Я поцеловал ее в щеку.
— Что нам нужно, так это еще выпить.
Мы пошли по темной улице недалеко от Лонг-Акр, мимо магазина карт Стэнфорда, свернули еще за несколько углов и подошли к чему-то вроде склада с фонарем над дверью и объявлением, которое остановило меня: «Рональд Делф, поэт. Один фунт.»
Филлис сделала движение, закатывая рукава.
— Мы заходим, — сказал я им, — но он мой.
Этти побежала вверх по лестнице. — Не порти мне веселье.
Он уже читал свои стихи, но мы пробрались внутрь и сели на какое-то деревянное сооружение среди нескольких десятков других людей. Мы не могли удержаться от грохота, и Филлис хихикнула, когда они передвинули ноги, чтобы позволить нам пройти. Делф стоял на сцене, положив руку на голову своей панды.
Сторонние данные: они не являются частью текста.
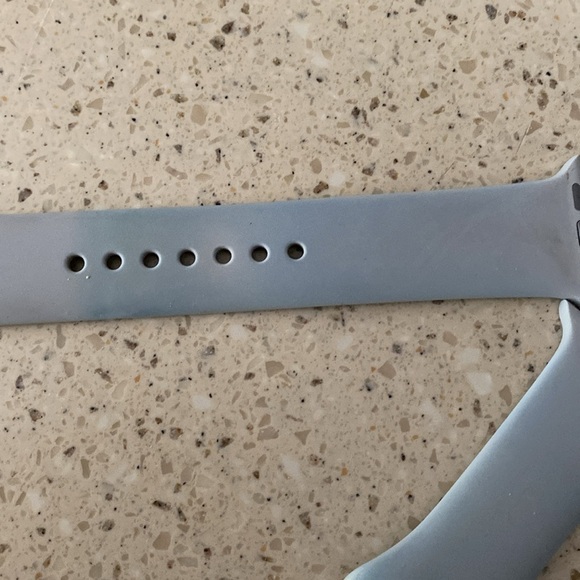 Apple Watch Series 3 38mm Silver Aluminum Fog Sport Band (GPS) Model A18… - Picture 9 of 16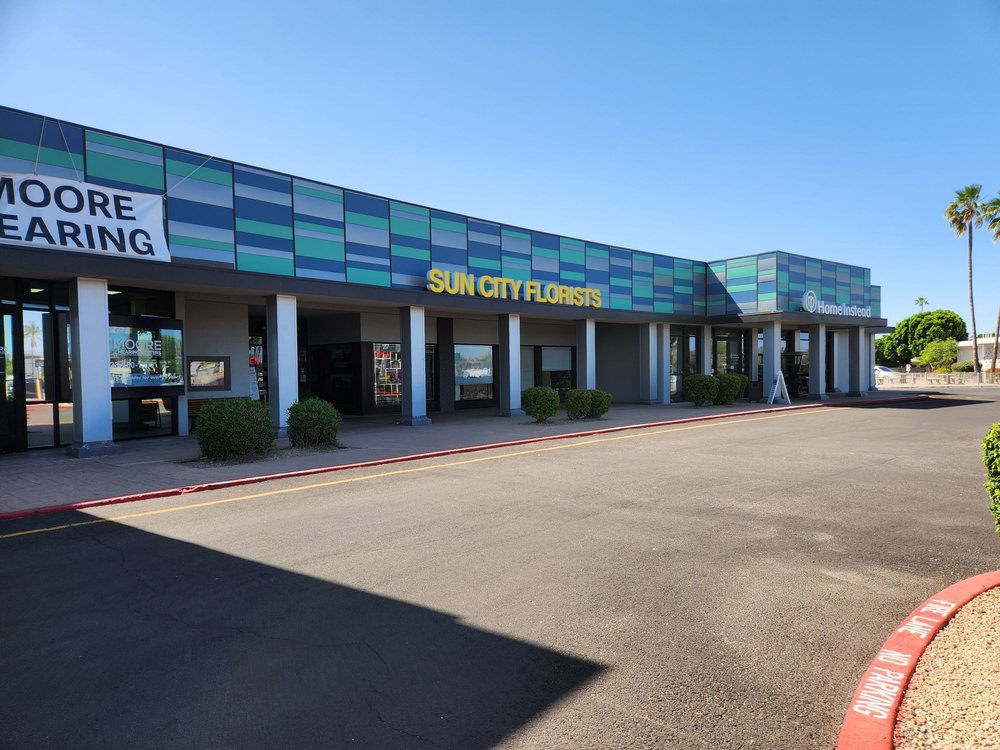 SUN CITY FLORISTS Updated July 2024 52 Photos & 70 Reviews 14629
— Ненавижу людей, которые опаздывают, но, по крайней мере, это еще три фунта.
Они смеялись. Он не был бы так рад, когда увидел, кто это был.
— «Королева сумерек», — сказал он, — это название следующего стихотворения. Я ненавижу титулы, но моя публика настаивает, так что вот. Я ненавижу свою публику, хотя у меня нет другого выбора, кроме как любить ее. Я посвящаю стихотворение — я тоже ненавижу посвящения, но какого черта, — снова смеется, — Прю, щедрой маленькой девочке, которую я когда-то встретил, и не думаю, что встречусь с ней снова, потому что она проходит психиатрическое лечение, но не из-за меня. Она все равно была бы такой, рано или поздно.
— Продолжай, Рональд, — крикнул бородатый мужчина.
— Да-с, нет-с, три полных мешка, а лучше два, — он читал каждую строчку, как целое стихотворение, с достаточными паузами между словами, чтобы он мог перевести дух, — то самое стихотворение, которое он дал мне прочитать. прямо перед тем, как высадить его возле Стивениджа, хотя сейчас это звучало лучше.